Des clients qui ne respectent pas la distanciation

Il est 8h30, Anthony (prénom choisi par souci d'anonymat), démarre sa tournée parisienne : "On est bien chargés", constate le livreur Amazon en désignant le contenu de sa camionnette pleine à craquer. "Plus les semaines passent, plus on a de livraisons, ça n'arrête pas d'augmenter. Moi je suis monté de 75 à 99".  Sa journée, elle, a commencé plus tôt au dépôt, pour récupérer les colis, un moment qu’Anthony craint particulièrement : "C'est un hangar fermé où on charge tous ensemble. On est tous les uns sur les autres". Le livreur affirme qu'il n'y a pas de "mesure de sécurité", "c'est chronométré".

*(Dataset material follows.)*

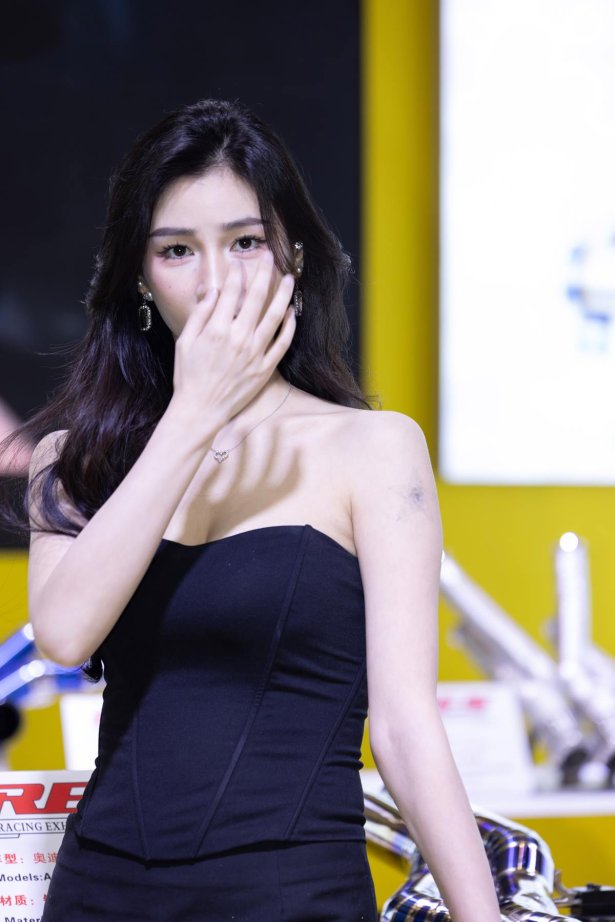 精选街拍作品 NO.5774 抹胸黑裙[26P/67MB]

"Bonjour, c'est le livreur Amazon. Je vous le dépose ou je vous le monte ?", demande Anthony, visage tendu vers le digicode de l'immeuble. "Si vous pouvez le monter je veux bien. C'est au cinquième", lui répond le client. "Depuis que l'on est ensemble, je ne me suis pas encore lavé les mains", nous confie le livreur, la voix essoufflée par la montée des escaliers. "Faut vraiment faire vite, 99 (colis), c'est énorme !". Poignées de portes, digicodes, les zones de potentielle contamination sont nombreuses, d’autant plus quand les clients ne respectent pas la distanciation : " Je lui ai tendu, j'ai vraiment fait exprès de faire un mètre pour qu'il le prenne et il a mis sa main sur ma main".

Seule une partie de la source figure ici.